Source data:

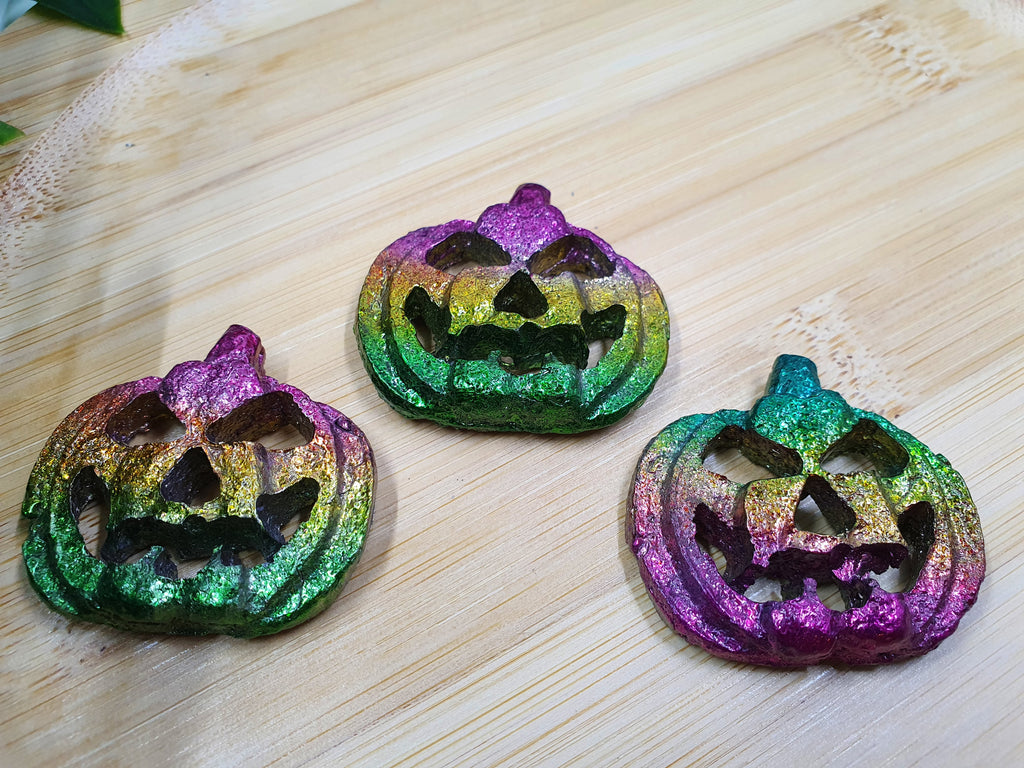 Bismuth Pumpkin Carvings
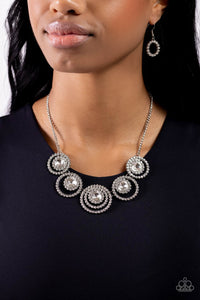 Dramatic Darling-White Necklace #0161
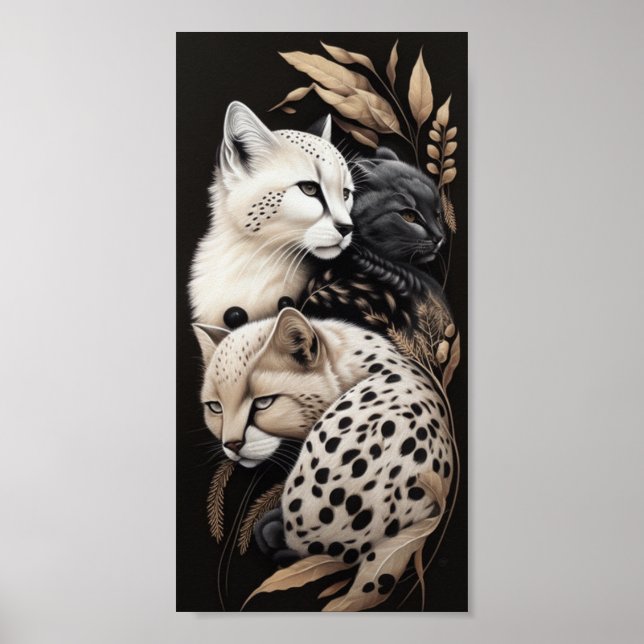 AFFICHE FELINE FINESSE #1 (Devant)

Aim of the task: Using the data above, print every line exactly, omitting pictures.

Completed exercise:
 Bismuth Pumpkin Carvings
 Dramatic Darling-White Necklace #0161
 AFFICHE FELINE FINESSE #1 (Devant)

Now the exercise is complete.